W kolejnych latach wiodło się Kobemu nie najlepiej. W 2005 nie wszedł z odnowionymi Lakers do PO, a dwóch kolejnych latach, mimo świetnych indywidualnych występów okraszonych dwoma tytułami króla strzelców, team odpadał już w pierwszej rundzie z prowadzonymi przez Nasha Phoenix Suns, i to pomimo prowadzenia 3-1 w serii 2005/2006
W roku 2007 Kobe zmienił numer na koszulce na 24, i zmieniła się też sytuacja drużyny, po pamiętnym transferze Pau Fasola, ale także wraz z mentalną zmianą Kobego i jego gry.
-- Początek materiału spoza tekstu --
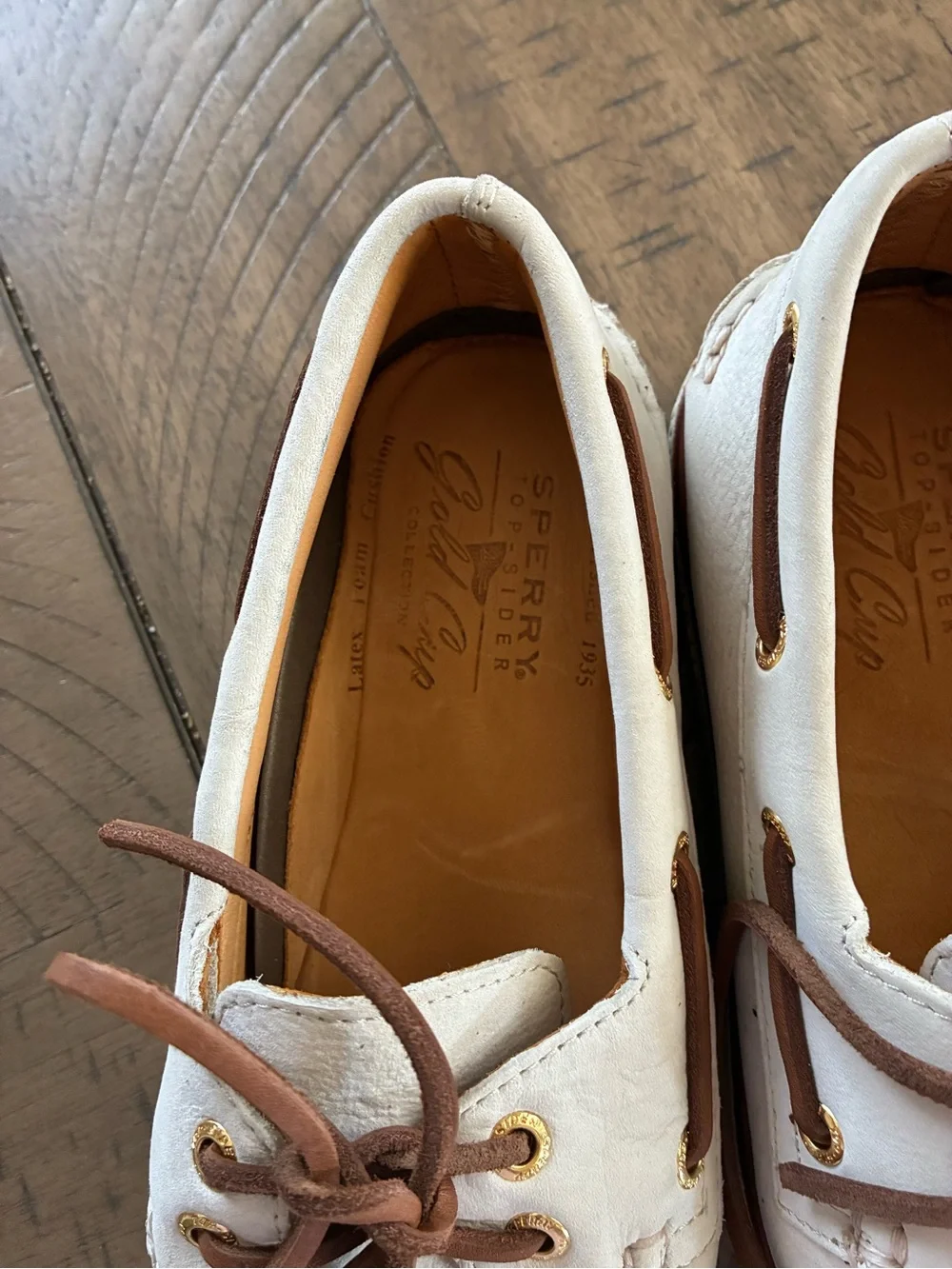 Sperry Men’s White Leather Boat Shoes with Brown Laces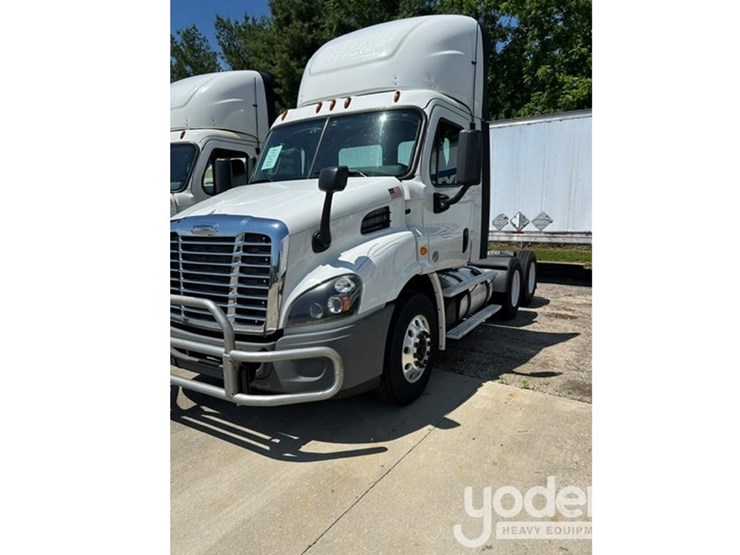 2018-freightliner-cascadia-113-image-1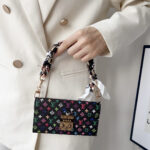 Louis Vuitton Monogram Envelope Crossbody Wallet Phone Case With Brand Logo Strap - 图片 24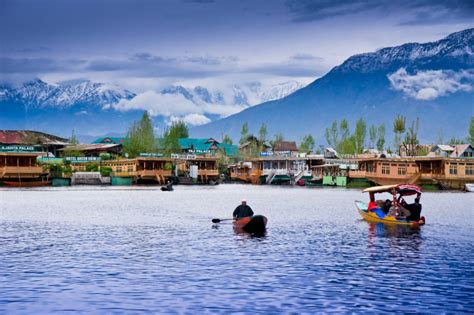 Best Tour in Kashmir - Green Kashmir Travels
Zaowocowało to nagrodą MVP sezonu, oraz awansem do Finałów przegranych z Celtycką BIG 3, i w dalszej mierze do mistrzostwa i nagrody MVP Finałów w 2009, po ostatniej serii z Magic W bieżącym sezonie pobił rekord Jerry-ego Westa i został najlepszym strzelcem w historii organizacji Lakers
![[Obrazek: kobestats.png]](http://img64.imageshack.us/img64/2289/kobestats.png)
Ciekawostki i osiągnięcia:
Mówi po włosku
Interesuje się piłką nożna i ma potrafi w nią dość nieźle grać
Jest fanem Ac Milan, Franka Rijkaarda oraz Ronaldinho
Jest rekordzistą całej ligi w następujących kategoriach:
- trafionych rzutów za 3 w meczu( 12)
- trafionych rzutów za 3 za rzędu w jednym meczu( 9)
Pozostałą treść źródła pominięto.